Bernie's crack legal team
(GMMF1.NET -- Feb.15) Grand prix supremo Bernie Ecclestone will employ a crack legal team in a race to retain control of Formula One.

It's reported that the 74-year-old, battling with a trio of rights-owning investment banks, signed on lawyer firm 'Richards Butler' following a recent High Court defeat.

Law firm Lovells, still involved with the case, went it alone in the initial defeat, thelawyer.com said. The banks' battle, now against Bernie's Formula One Administration, is scheduled to resume May 10.

When contacted, Richards Butler made no comment.

British TV's new F1 sponsor
(GMMF1.NET -- Feb.15) British F1 television broadcaster ITV has found a new sponsor for the '05 season -- LG.

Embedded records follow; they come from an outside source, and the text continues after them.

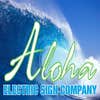 Aloha Electric Sign Company logo
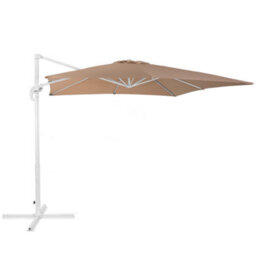 Beliani Cantilever Parasol 250 Cm Monza Sand Beige - thumbnail 1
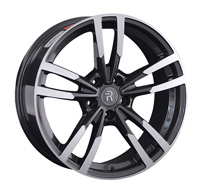 Диск литой 8.0x18 5x112 ET34 dia 57.1 Replay VV305 GMF Диск литой 8.0x18 5x112 ET34 dia 57.1 Replay VV305 GMF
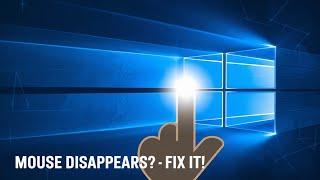 FIX Mouse Cursor or Pointer Disappears in Windows 10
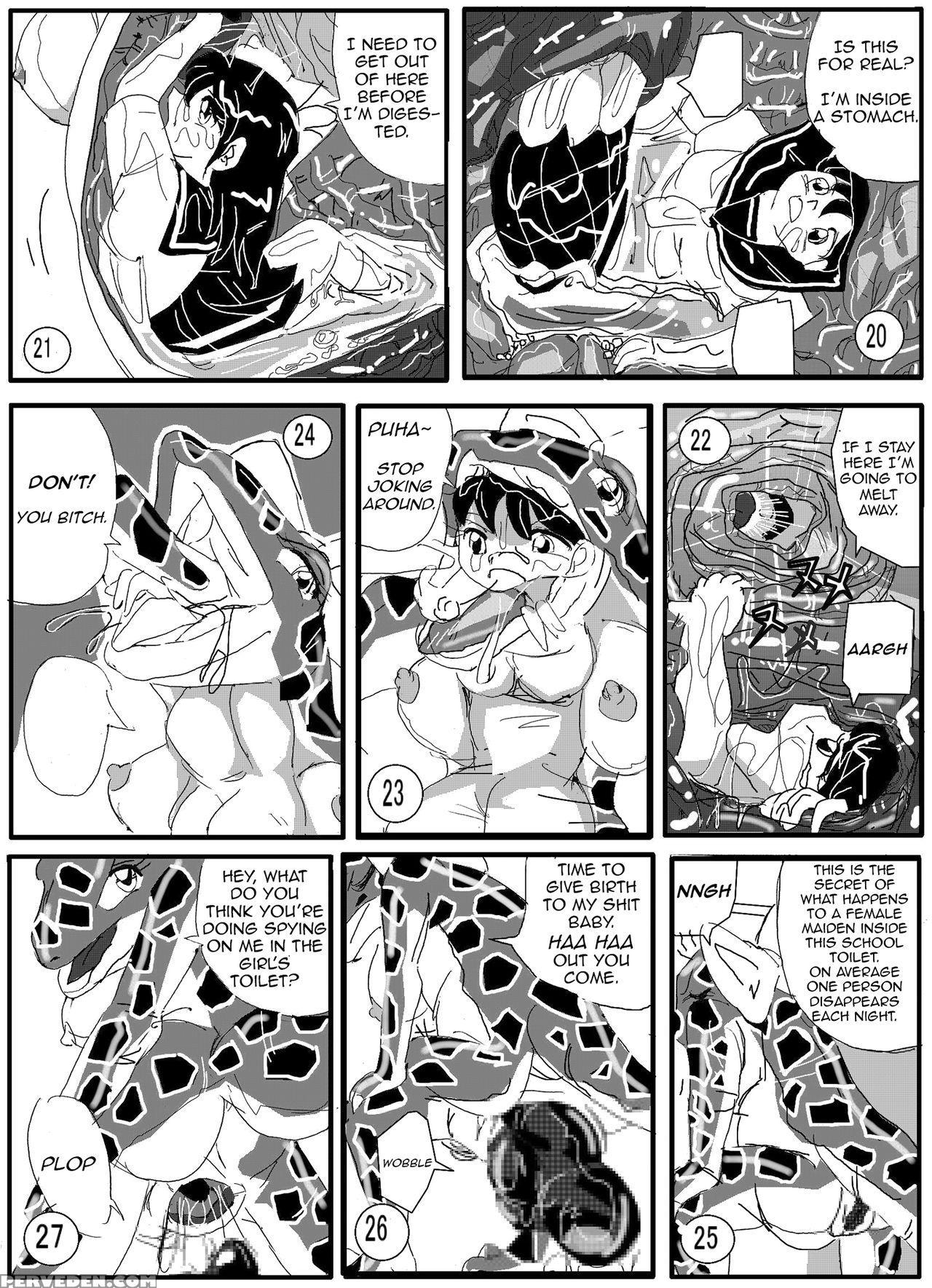 [mashiba Kenta (stuka)] Toilet No Waniko-san | Waniko's Toilet [english] [crayzayjay] 1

The electronic company, to pump in a reported $6.6 million - and sponsor of the 2004 London F1 street parade - replaces The Daily Telegraph (UK) newspaper, who took over from Toyota last year.

The package includes broadcast and 'itvf1' website sponsorship.

''(Telegraph) decided not to renew its contract at the close of last season,'' a media source revealed.

LG president James Jeong said: ''The (F1) audience is an extremely good fit with our individual brand profiles.''

Saturday is RBR 'D-day'
(GMMF1.NET -- Feb.15) Saturday's the day for Christian Klien or Vitantonio Liuzzi.

Then, we can reveal, Red Bull's driving duo will discover who has been selected to race alongside David Coulthard at the Australian and Malaysian grands prix.

Dr. Helmut Marko, motor sport 'advisor' to Red Bull team owner Dieter Mateschitz, said the decision would 'definitely' be made immediately following the week's Barcelona test.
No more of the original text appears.